■ YOUR ASSIGNMENT ■
Return the full listing unchanged, apart from leaving out its images.
━━━ INPUT DATA
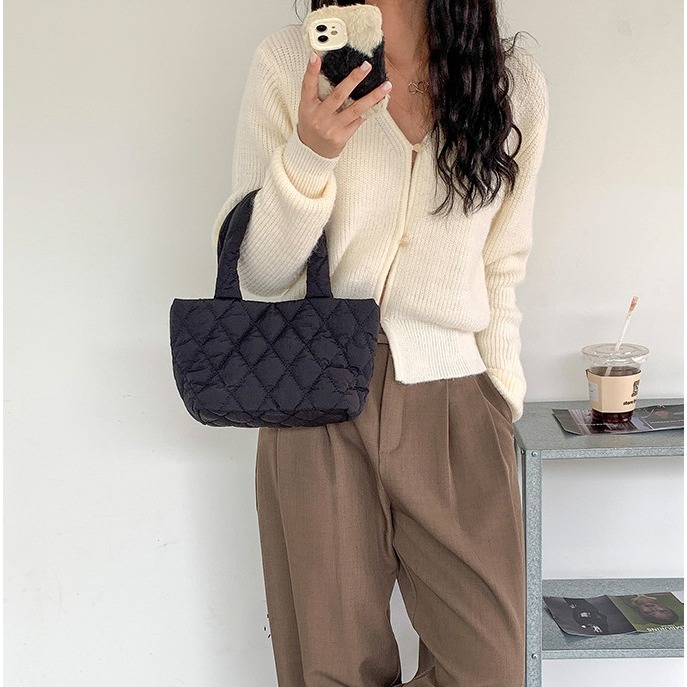 可愛多巴胺🍎🍹C22韓國空運🇰🇷休閒通勤菱格手提包 高級感包包 手提包 菱格紋 大學生托特包 羽絨 棉服包-細節圖3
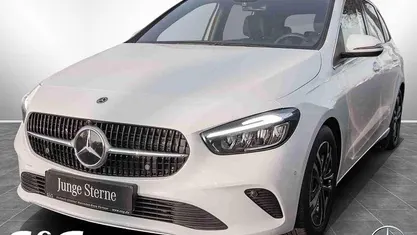 Gebraucht Mercedes B200 Progressive 163 PS (119 kW) 2025 Unilack polarweiß Van / Kleinbus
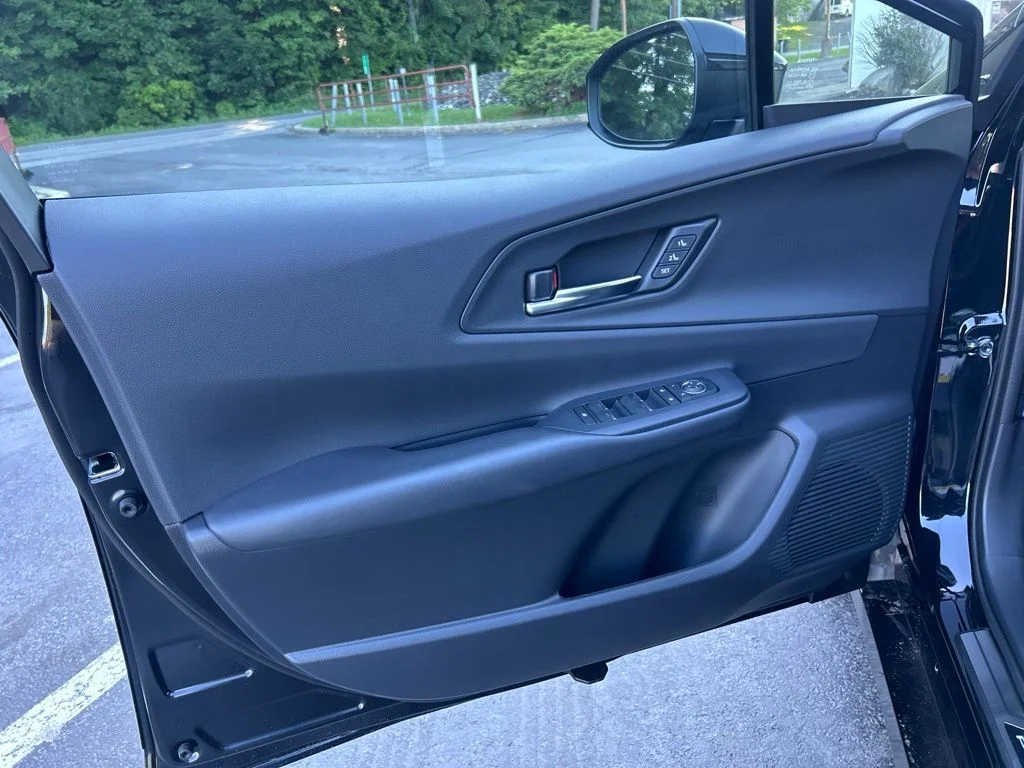 2026 Toyota Prius Plug-in Hybrid XSE Premium - Photo 10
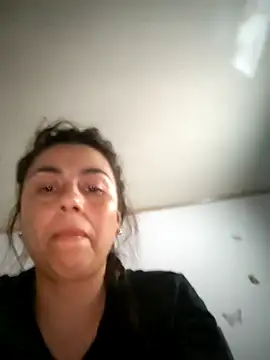 vanessa-titisM online show from 9, 5, 2026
━━━━━━
■ ANSWER SECTION ■
 可愛多巴胺🍎🍹C22韓國空運🇰🇷休閒通勤菱格手提包 高級感包包 手提包 菱格紋 大學生托特包 羽絨 棉服包-細節圖3
 Gebraucht Mercedes B200 Progressive 163 PS (119 kW) 2025 Unilack polarweiß Van / Kleinbus
 2026 Toyota Prius Plug-in Hybrid XSE Premium - Photo 10
 vanessa-titisM online show from 9, 5, 2026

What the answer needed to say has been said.